Caption-style text data
____

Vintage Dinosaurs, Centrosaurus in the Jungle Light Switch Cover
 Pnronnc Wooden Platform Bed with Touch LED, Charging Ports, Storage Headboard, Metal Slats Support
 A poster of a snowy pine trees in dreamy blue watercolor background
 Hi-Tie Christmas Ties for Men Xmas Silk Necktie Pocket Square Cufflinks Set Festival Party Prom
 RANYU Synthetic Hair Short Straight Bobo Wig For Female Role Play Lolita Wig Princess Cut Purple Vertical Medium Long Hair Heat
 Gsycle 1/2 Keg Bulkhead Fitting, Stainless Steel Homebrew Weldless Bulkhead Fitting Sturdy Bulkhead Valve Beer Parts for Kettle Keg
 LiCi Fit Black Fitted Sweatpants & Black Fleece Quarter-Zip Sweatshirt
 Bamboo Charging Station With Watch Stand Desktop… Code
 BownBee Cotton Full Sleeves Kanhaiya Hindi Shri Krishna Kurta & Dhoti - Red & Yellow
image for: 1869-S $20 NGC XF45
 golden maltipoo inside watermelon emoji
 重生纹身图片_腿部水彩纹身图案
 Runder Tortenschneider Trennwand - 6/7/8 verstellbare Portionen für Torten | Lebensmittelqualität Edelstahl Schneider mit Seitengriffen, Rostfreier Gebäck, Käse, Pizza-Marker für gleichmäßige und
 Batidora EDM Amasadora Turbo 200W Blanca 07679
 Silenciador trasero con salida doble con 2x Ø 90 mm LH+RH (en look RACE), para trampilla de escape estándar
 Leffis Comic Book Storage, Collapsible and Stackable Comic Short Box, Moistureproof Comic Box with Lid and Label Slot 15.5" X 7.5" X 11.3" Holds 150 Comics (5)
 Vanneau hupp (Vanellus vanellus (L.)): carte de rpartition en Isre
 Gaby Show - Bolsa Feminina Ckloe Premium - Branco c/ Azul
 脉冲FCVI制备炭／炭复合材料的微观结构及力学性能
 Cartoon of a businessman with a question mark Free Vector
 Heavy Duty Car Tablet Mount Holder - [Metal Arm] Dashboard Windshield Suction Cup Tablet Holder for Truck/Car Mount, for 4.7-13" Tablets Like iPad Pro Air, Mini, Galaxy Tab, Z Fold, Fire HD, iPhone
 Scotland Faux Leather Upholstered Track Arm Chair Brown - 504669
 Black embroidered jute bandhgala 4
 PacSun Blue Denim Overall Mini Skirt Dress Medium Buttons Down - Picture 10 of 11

____

* [EXERCISE INSTRUCTIONS]: Locate the word "Charging" in the entries, and copy every line where it is found.

* [RESPONSE BELOW]:
 Pnronnc Wooden Platform Bed with Touch LED, Charging Ports, Storage Headboard, Metal Slats Support
 Bamboo Charging Station With Watch Stand Desktop… Code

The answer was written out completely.